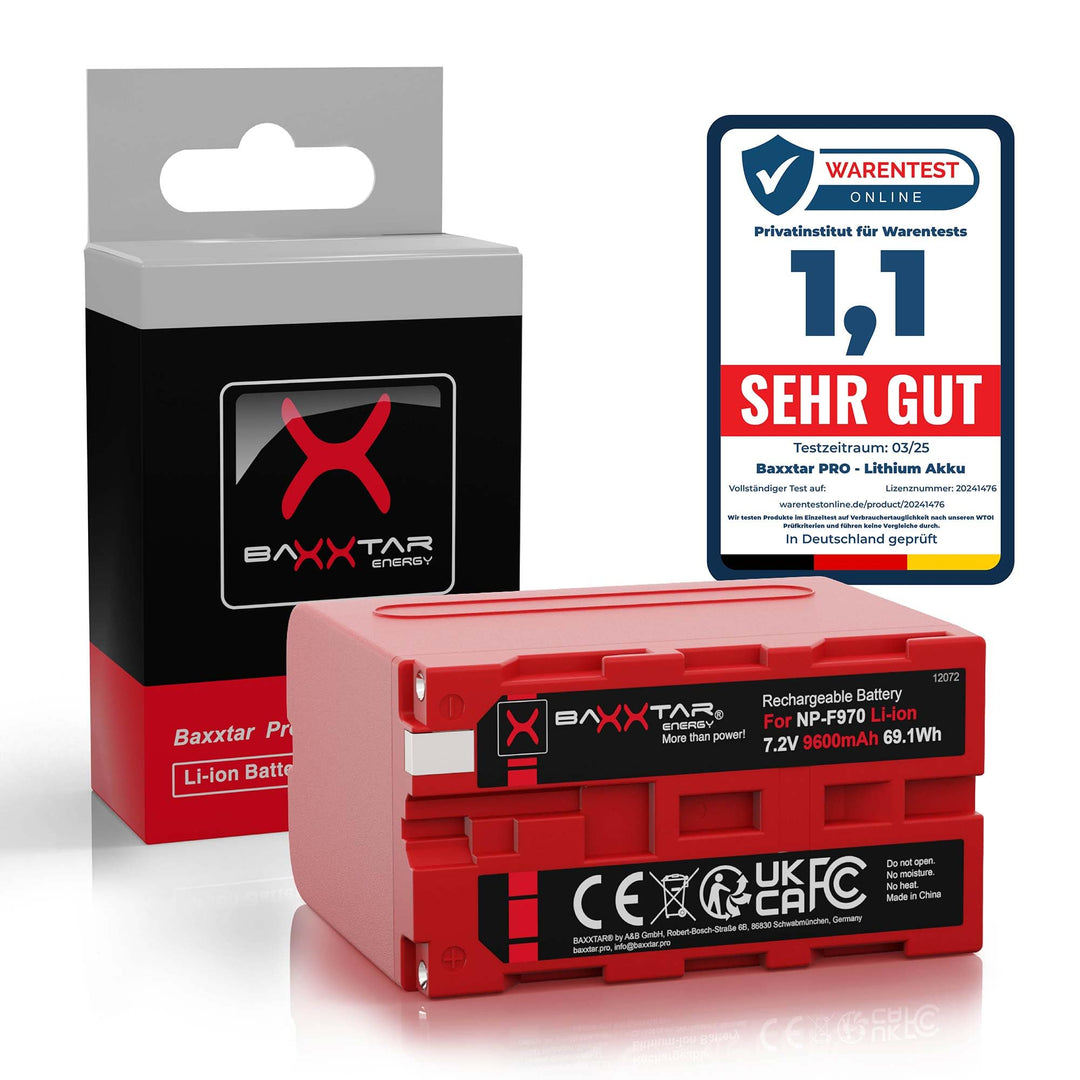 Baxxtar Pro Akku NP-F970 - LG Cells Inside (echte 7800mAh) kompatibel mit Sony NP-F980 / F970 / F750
***
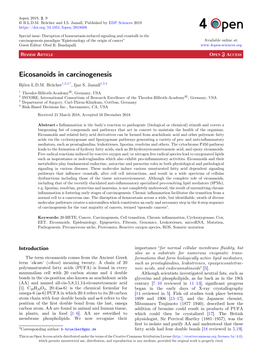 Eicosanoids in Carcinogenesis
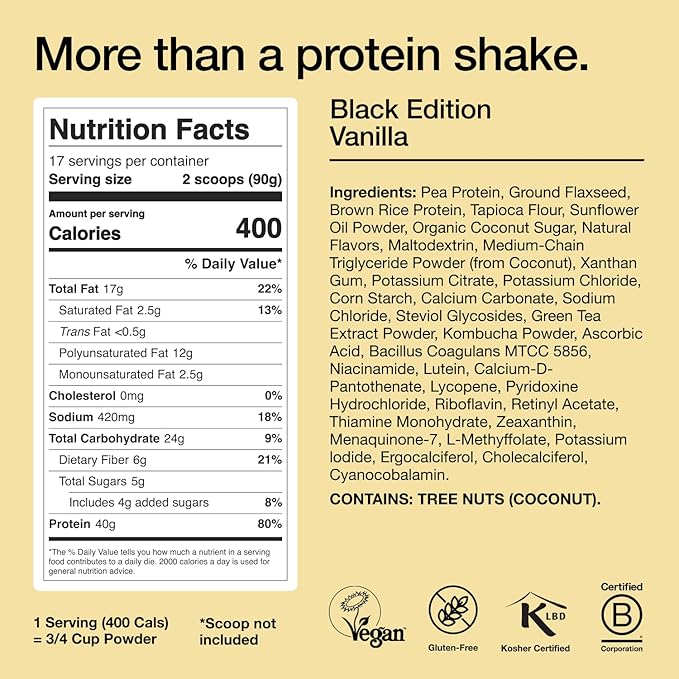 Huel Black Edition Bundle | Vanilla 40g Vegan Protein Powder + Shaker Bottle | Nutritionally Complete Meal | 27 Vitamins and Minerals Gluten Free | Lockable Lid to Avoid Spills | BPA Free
***
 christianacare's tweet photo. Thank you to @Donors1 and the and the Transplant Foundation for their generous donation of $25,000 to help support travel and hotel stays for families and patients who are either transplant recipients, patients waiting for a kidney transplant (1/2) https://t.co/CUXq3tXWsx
***
## [EXERCISE]
Within the listing above, print exactly the stretch beginning at the line that contains "Eicosanoids in Carcinogenesis" and finishing at the line that contains "Huel Black Edition", ends kept, pictures left out, and nothing more.

## [ANSWER SECTION]
 Eicosanoids in Carcinogenesis
 Huel Black Edition Bundle | Vanilla 40g Vegan Protein Powder + Shaker Bottle | Nutritionally Complete Meal | 27 Vitamins and Minerals Gluten Free | Lockable Lid to Avoid Spills | BPA Free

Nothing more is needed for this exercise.